Esta lista de cosas, a la que se podrían agregar muchas páginas de logros, aunque también de huecos que quedaron sin tapar, confluyeron en esto: en una sociedad que compartía una idea, una intuición o una aspiración de un mejor futuro. Hasta 1983, creo que es posible decir, en nuestro país compartíamos, de forma mayoritaria, la presunción de que vendrían tiempos mejores. Había una especie de buen ánimo nacional.
Con el quiebre de 1983 –me refiero a la devaluación de la moneda que se produjo el viernes 18 de febrero de 1983– comenzó un deterioro, que alcanzó su culmen cuando Hugo Chávez ganó las elecciones presidenciales 15 años más tarde, en diciembre de 1998: ese día Venezuela puso en marcha la tragedia por la que hoy transcurrimos.

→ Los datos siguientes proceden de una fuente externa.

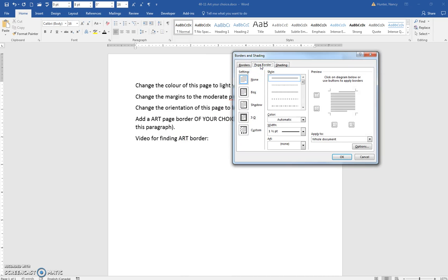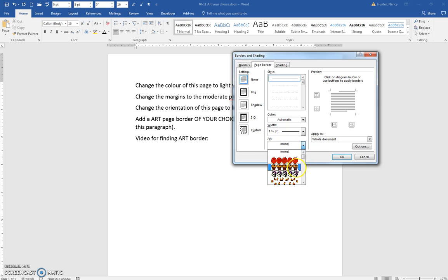Alternatively, you could have used the Design tab, and the art borders are right here. You can use whichever one you want.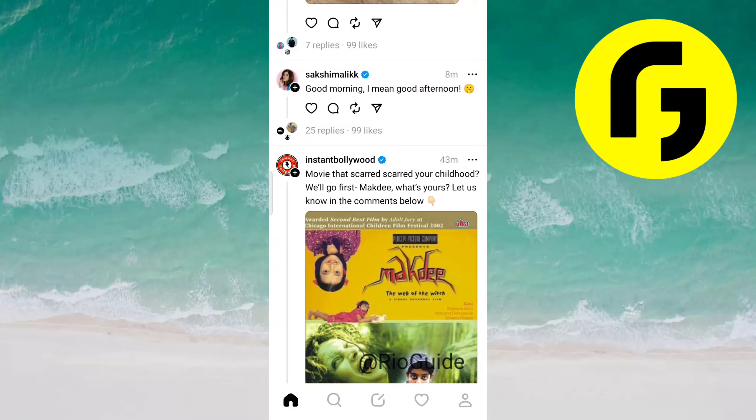Hello guys, in this video I will show you how you can post a thread on your Instagram ID. First of all, you will need to open your Threads app on your phone, and after that you just need to find out that particular post.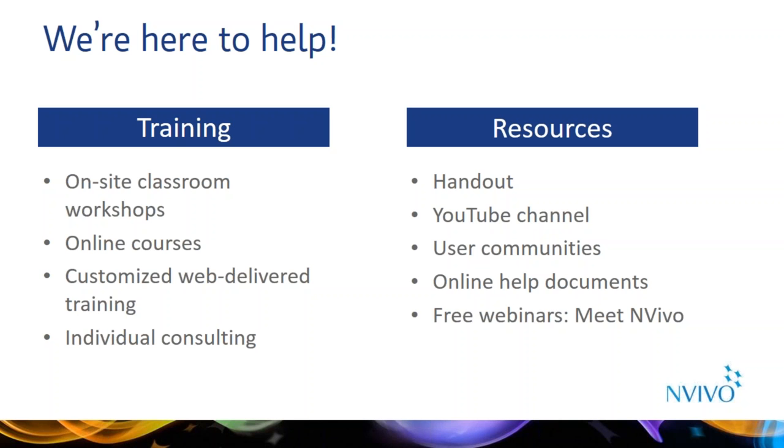On the free resources side, there's a handout attached to GoToWebinar that has links to many of their free resources I'm about to mention. These include the YouTube channel, which I've mentioned a number of times. There's great how-to videos and recordings of recent webinars. So this demo will be available on YouTube. Another great resource are user communities. We have a Facebook page, LinkedIn group, user forums, and active Twitter community. These are a great place to interact with other NVivo users and get answers from one of our experts. There are many links to our online help documents on that handout as well. The online help documents are a great place to get detailed information on how to do anything in NVivo. And thank you for joining this webinar today. Keep an eye out for more in the future. Our Meet NVivo series is a great way to get acquainted with useful features in NVivo.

Lo ocurrido en estos 21 años se sintetiza en una frase: la Venezuela de la modernidad, que comenzó a construirse hace un siglo, fue destruida hasta alcances insospechados. Digo insospechado porque no sabemos cuánta ruina hay escondida en las instituciones públicas, no sabemos hasta qué extremos ha sido devastada la industria petrolera, ni tampoco cuánta podredumbre y desechos industriales se acumulan en las empresas básicas de Guayana.
No sabemos cuánto territorio de las regiones sur y amazónica de Venezuela ha sido expoliado, socavado y contaminado, con la participación abierta del régimen, de militares cómplices y de las narcoguerrillas del Ejército de Liberación Nacional de Colombia –ELN–, y de empresarios que se han adherido a ese inmenso crimen que es el Arco Minero. No hay informes sobre la extensión y las consecuencias que han tenido derrames de hidrocarburos y de otras industrias. No existen tampoco registros fotográficos o testimoniales del estado de cosas al interior de las empresas que fueron expropiadas, incluso aquellas que estaban en plena productividad.

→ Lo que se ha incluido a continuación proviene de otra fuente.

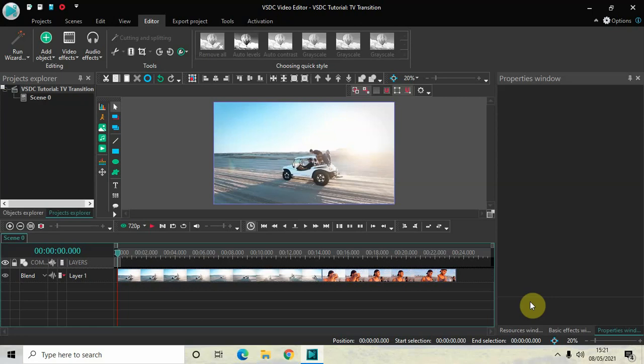Hey guys, welcome back to Next Gen Blogger. In this video I want to show you how you can apply a TV transition between two videos in VSDC free video editor. It's actually super easy to apply a TV transition in VSDC, so without further delay let's get started.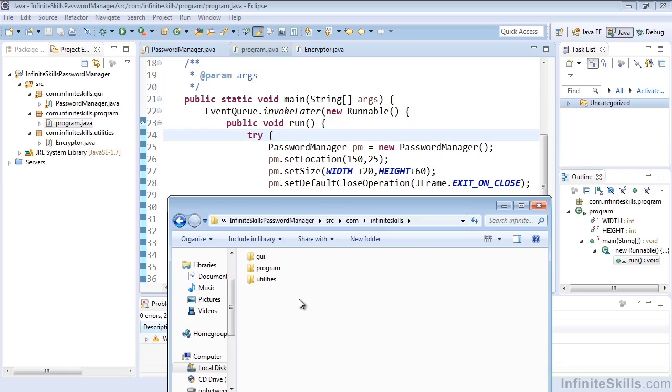And that wraps up our quick look at the actual physical directory structure of how our projects are stored as we're using them and building them in our Eclipse IDE. We'll see you next time.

Lo que vemos a simple vista; lo que narran los usuarios de los servicios del Estado; lo que arrojan las investigaciones periodísticas; lo que denuncian los ciudadanos que todavía guardan coraje y se atreven; lo que narran los presos políticos y sus familiares; lo que cuentan usuarios y sobrevivientes de hospitales, ambulatorios, centros de reclusión, cementerios, geriátricos, escuelas, cuarteles, depósitos y garajes de uso oficial; los relatos de conductores, pilotos y navegantes sobre las condiciones en que operan los vehículos y las naves propiedad del Estado que todavía están activas; lo que documentan los profesionales que resisten en centros de salud; las narraciones de docentes sobre la debacle nutricional de niños y adolescentes, cuyos aprendizajes son cada vez más precarios: todas estas realidades se aglomeran y se alimentan unas a otras, y nos advierten, aunque las élites del país apenas hablen de ello, ni tampoco los políticos, que la Venezuela de 1998 ha sido sepultada y que lo que viene, de aquí en adelante, será un país distinto, desconocido y esencialmente precario.

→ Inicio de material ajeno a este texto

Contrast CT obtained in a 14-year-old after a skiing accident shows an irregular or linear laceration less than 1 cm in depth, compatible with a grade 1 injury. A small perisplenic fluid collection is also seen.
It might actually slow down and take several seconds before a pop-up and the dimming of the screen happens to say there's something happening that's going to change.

Pero todavía hay algo más que no puedo omitir en este marco de cosas: la pérdida de talento, especialmente de jóvenes y profesionales, que forman parte de los 5 millones de personas que han huido de Venezuela en la última década. ¿Cuántos volverían en un escenario de cambio de régimen? ¿10%, 15%, 20%? Tampoco es posible estimarlo hoy, pero es difícil suponer que regresarán a reconstruir un país exhausto, empobrecido, arrasado hasta sus entrañas. Difícil será que quieran regresar a una Venezuela irreconocible, deteriorada por sus cuatro costados, desconocida y poblada de carencias.